A Gimped GeForce RTX 3050 Desktop Card With A Mobile GPU May Be In The Pipeline
What exactly makes a graphics card a GeForce RTX 3050? Simply put, it's the name on the box. From there, NVIDIA can dictate what specs constitute the model name, and those specs can be revised over time (a concept that's not unique to NVIDIA, by the way). We bring this up because NVIDIA is reportedly preparing some changes to the GeForce RTX 3050.
Before we get to that, let's recap the RTX 3050. When the card launched in January 2022, it debuted with a GA106 GPU featuring 2,560 CUDA cores, 80 Tensor cores, 20 RTX cores, and 8GB of GDDR6 memory (14Gbps) tied to a 128-bit bus for 224GB/s of memory bandwidth. Reference specs also called for a 1,552MHz base clock and 1,777MHz boost clock.
Then in December of 2022, the RTX 3050 got a mid-life kicker with a GA107 GPU, which kept the core specs the same but allowed NVIDIA to massage a lower TDP at 115W (versus 130W).
Now there's increased chatter of another refresh (chatter that we first heard in October), but with some key revisions to the overall spec sheet. Citing information that was posted to the Board Channels forum in China, which we don't have access to, the folks at Videocardz say NVIDIA has alerted its add-in board (AIC) of "significant adjustments to the RTX 3050 series products."
Apparently NVIDIA is planning to discontinue the current iteration of the GeForce RTX 3050 with 8GB of GDDR6 memory and replace it with a version that wields 6GB of VRAM. It's also suggested that the bus width could change in either direction, to 96-bit or 192-bit.
There's another interesting wrinkle to the story, though.
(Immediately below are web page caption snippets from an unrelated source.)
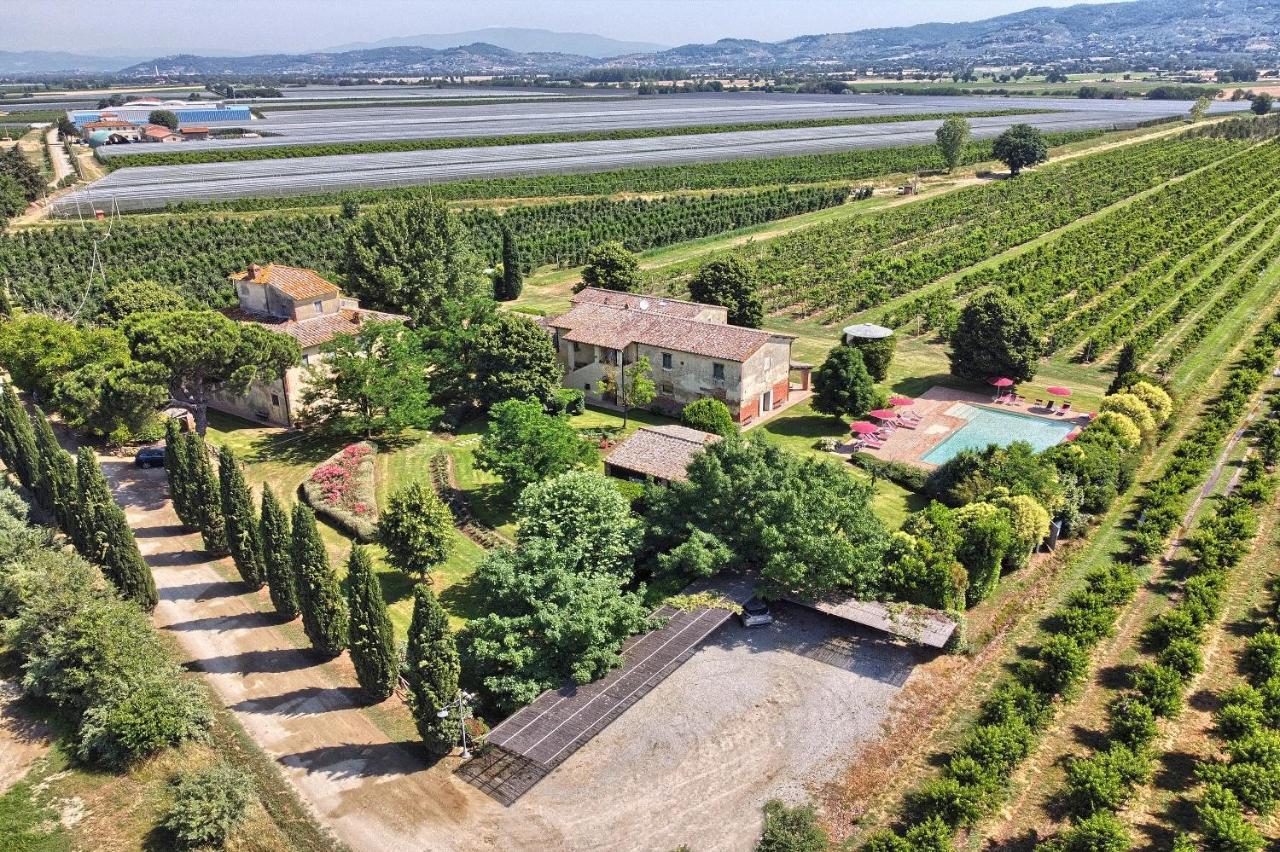 Foresteria Il Giardino Di Fontarronco Alberoro Eksteriør bilde
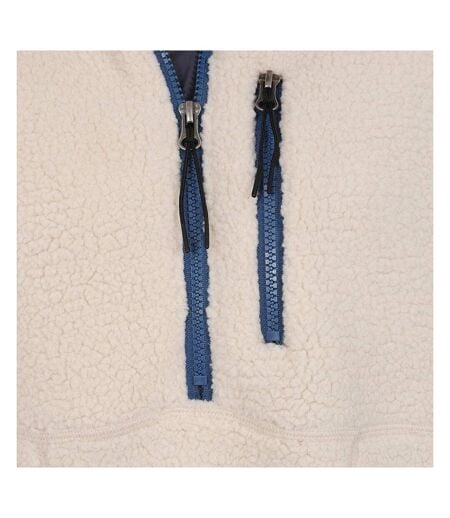 Sweat Femme Blanc Cassé Lazy Jacks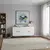 HANAH HOME Komoda Pella 150 White
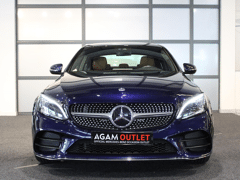 Mercedes-Benz C-klasse 180 AMG-Line Business Solution - Afbeelding 4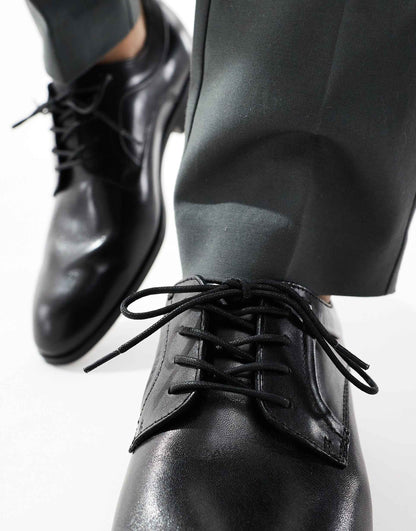 Rail Lace Up Shoes
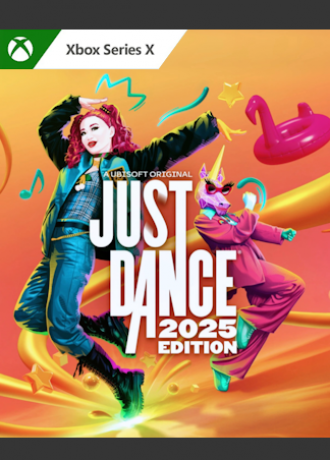 Just Dance 2025 Edition
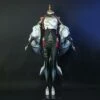 Shenhe Cosplay Costume Genshin Impact Cosplay Suits Improved Version -DreamSuit Store ccc 800x800 17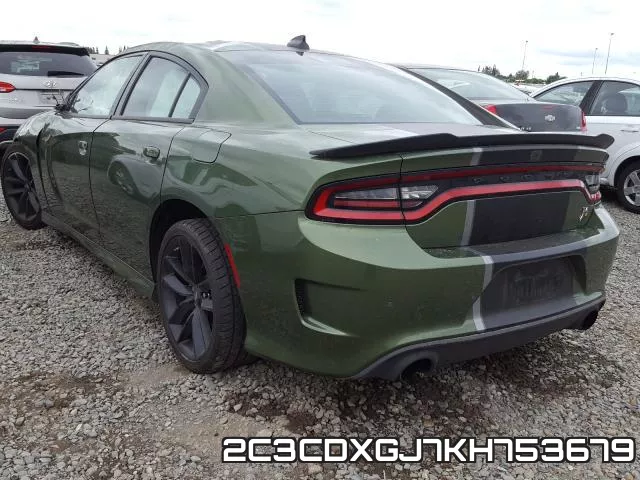 2C3CDXGJ7KH753679 фото 4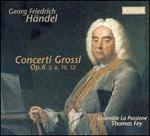 Hndel: Concerti Grossi Op. 6 Nos. 5, 10 and 12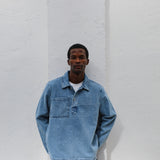 Cool Denim Polo
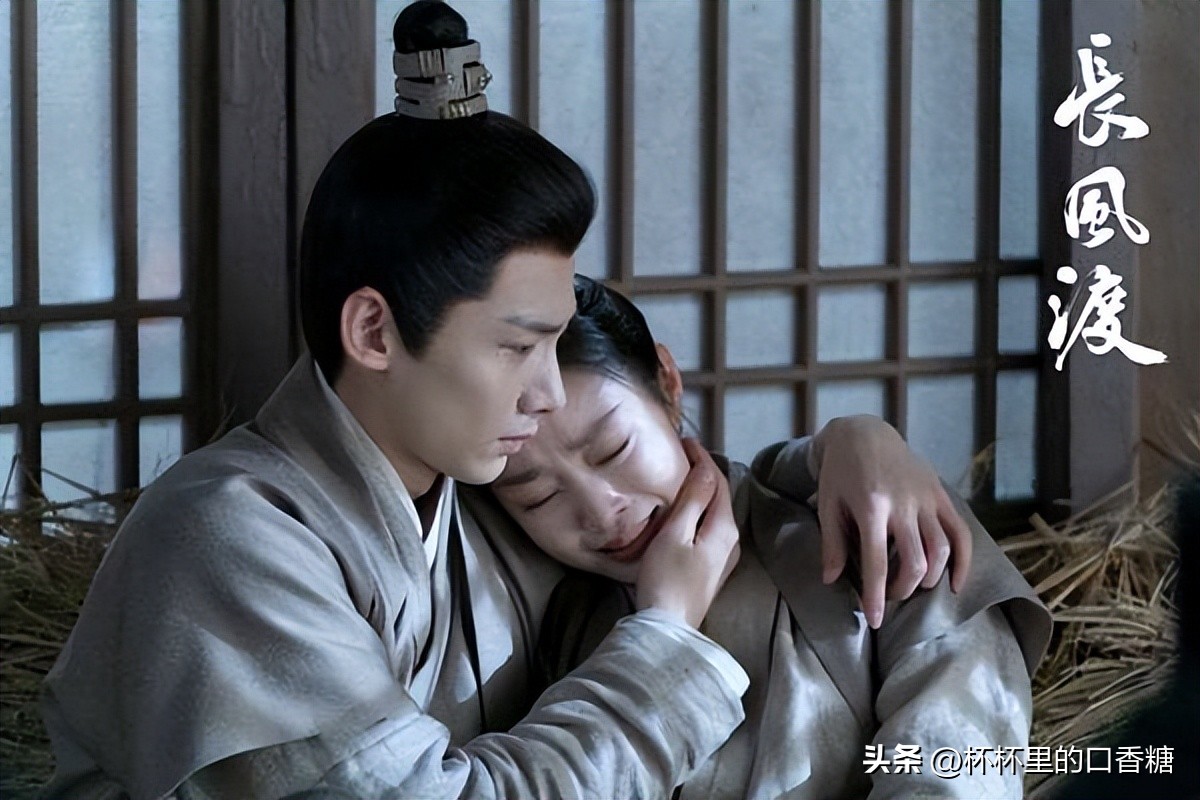 2023上半年剧最高热度值!《偷偷》输《长风渡》,《烬明》第三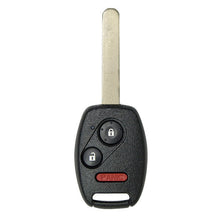 Load image into Gallery viewer, Honda 3 Button Remote Head Key N5F-S0084A 315MHz, Aftermarket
It's reported by ITHome that NVIDIA will swap out the GPU for the same one found in the mobile GeForce RTX 3050, the GA107. This would mean a 20% reduction in CUDA cores to 2,048, and it's further stated that it will feature a 1,470MHz core clock, which is 17% lower than the 8GB model that's available now.
On the plus side, the gimped release (if it comes to pass) likely would draw all the necessary power from the motherboard's PCI Express slot rather than requiring a PSU cable being plugged in. It should also come with a price reduction, though we'll have to wait and see.